Risk-Adjusted Performance

0 of 100

 
Weak
 
Strong
Very Weak
Over the last 90 days H B Fuller has generated negative risk-adjusted returns adding no value to investors with long positions. Despite quite persistent basic indicators, H B is not utilizing all of its potentials. The latest stock price mess, may contribute to short-term losses for the institutional investors.

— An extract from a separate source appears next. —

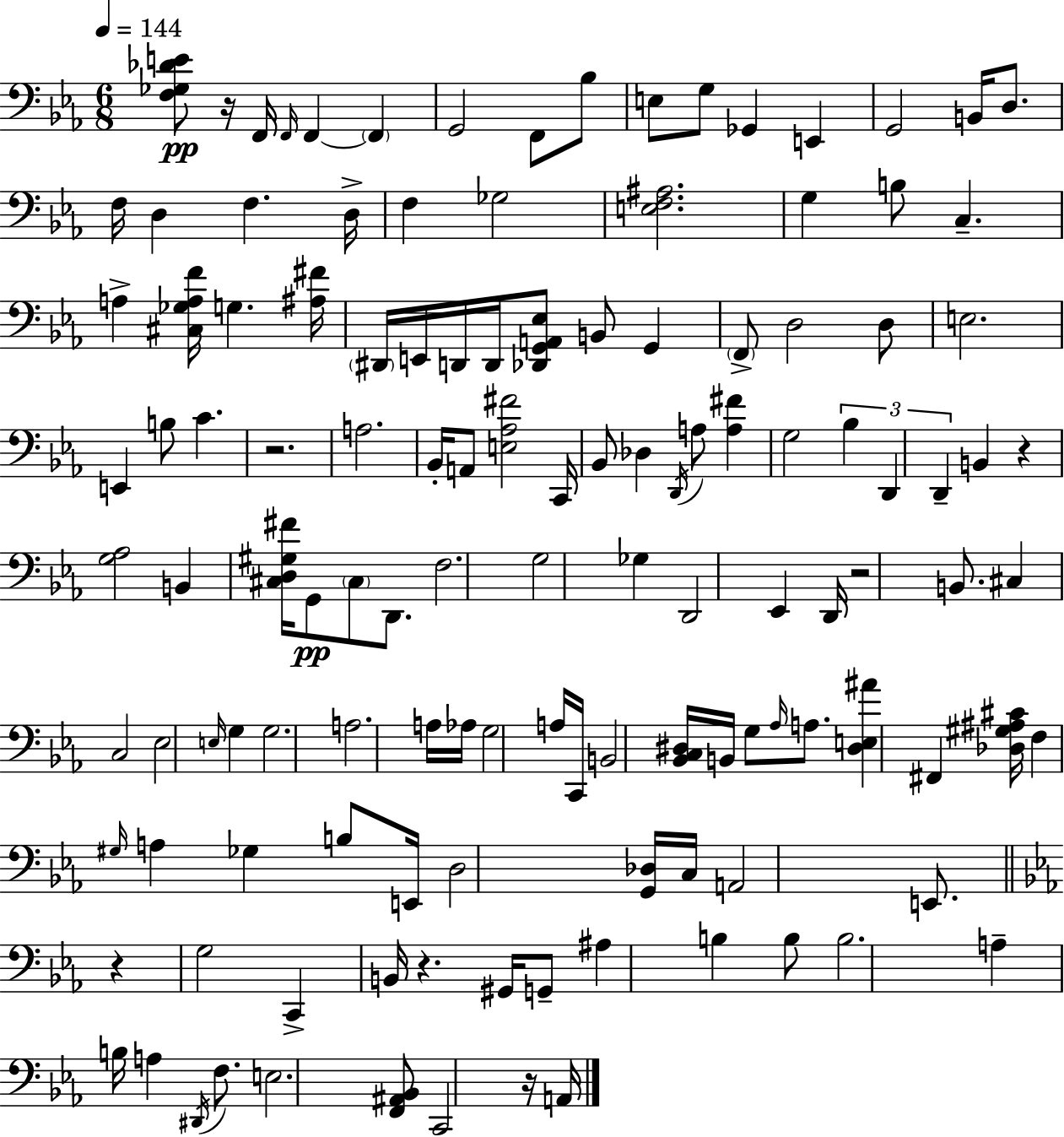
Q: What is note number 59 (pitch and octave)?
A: D2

FutureFuel Corp and H B Volatility Contrast

   Predicted Return Density   
       Returns  

Pair Trading with FutureFuel Corp and H B

The main advantage of trading using opposite FutureFuel Corp and H B positions is that it hedges away some unsystematic risk. Because of two separate transactions, even if FutureFuel Corp position performs unexpectedly, H B can make up some of the losses. Pair trading also minimizes risk from directional movements in the market. For example, if an entire industry or sector drops because of unexpected headlines, the short position in H B will offset losses from the drop in H B's long position.
The idea behind FutureFuel Corp and H B Fuller pairs trading is to make the combined position market-neutral, meaning the overall market's direction will not affect its win or loss (or potential downside or upside). This can be achieved by designing a pairs trade with two highly correlated stocks or equities that operate in a similar space or sector, making it possible to obtain profits through simple and relatively low-risk investment.
Check out your portfolio center.
Note that this page's information should be used as a complementary analysis to find the right mix of equity instruments to add to your existing portfolios or create a brand new portfolio. You can also try the Price Transformation module to use Price Transformation models to analyze the depth of different equity instruments across global markets.